= Elvin Semrad =

American psychiatrist (1909–1976)

Elvin Semrad (August 10, 1909 – July 1, 1976) was a prominent American psychoanalytic psychiatrist. He was noted for his ability to establish a rapport with deeply troubled individuals. He was one of the most influential teachers of psychotherapy in his time and he had been trained by a close associate of Sigmund Freud.

==Biography==

Elvin Vavrinec Semrad was born on August 10, 1909, in the United States in the village of Abie, Nebraska. His parents were of Czech ancestry and he spoke Czech at home. He earned a BA degree from Peru State Teachers College in Nebraska and an MD degree in 1934 from the University of Nebraska School of Medicine. He obtained training in psychiatry from what was then called the Boston Psychopathic Hospital, later renamed as the Massachusetts Mental Health Center. He concluded his training at McLean Hospital, near Boston. He served in the Army Medical Corps in Georgia from 1941 to 1946. Following his military service, he graduated from the Boston Psychoanalytic Institute in 1948. He was trained by Hanns Sachs who was a personal friend and associate of Sigmund Freud. In 1952, Semrad became associated with the Massachusetts Mental Health Center (M.M.H.C.), where he held a variety of positions up to the end of his life. In 1968 he became a full Harvard Professor of Psychiatry at M.M.H.C. He died from a heart attack at age 67 while at work at M.M.H.C on July 1, 1976. He was survived by his wife and four children.

==Semrad's psychoanalytic approach to psychiatry==

His main method was to sit with the patient and to listen in order to help the patient bear the emotional pain which he or she could not bear alone. He taught that people employ the following strategies or defenses in order to deal with difficulties: survival patterns, such as denial; support patterns such as obsessive-compulsiveness; sacrifice patterns such as dissociation; and anxiety patterns.

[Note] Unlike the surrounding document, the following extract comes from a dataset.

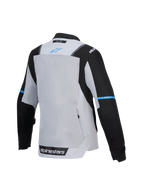 Alpinestars Veste Stella ST-2 Air, veste de moto touring pour femme, vue de dos avec panneau de ventilation en mesh et poche arrière, gris glacier et noire avec logo bleu, certifiée CE niveau AA, compatible Tech-Air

He cautioned about the use of psychiatric medications which he felt "separate the mind from the body." Semrad would have all his trainees read a paper on "psychodynamics" which emphasized the following three points: to understand the patient's personality and attitudes which underlay the presenting problem; to elicit the necessary information during the clinical interview in a supportive manner; and to organize a detailed psychiatric case report, which would allow the trainee to form hypotheses about the nature of the patient's problem in order to be tested with further questions to the patient. "Treatment involved helping deal with the precipitating stress, usually requiring grieving a loss-- which meant helping the patient 'to acknowledge, bear, and put into perspective' the painful reality." He taught that psychoanalysis deals with defenses of repression, which are lifted by the technique of free association. Semrad believed that schizophrenia was a response to a faulty social environment, and dismissed a biological causation of schizophrenia.

==Reception==

Semrad influenced a generation of psychiatric trainees in Boston by his personal interview techniques with patients, but because he wrote no books, nor did he establish a school of thought, he was known through the "oral tradition" of those who trained under him, which lessened following the death of Semrad. Although the psychoanalytic treatment of schizophrenia is no longer supported by mainstream psychiatry, the approach of Semrad in dealing with other forms of psychosis has been continued to be used in the early 21st century.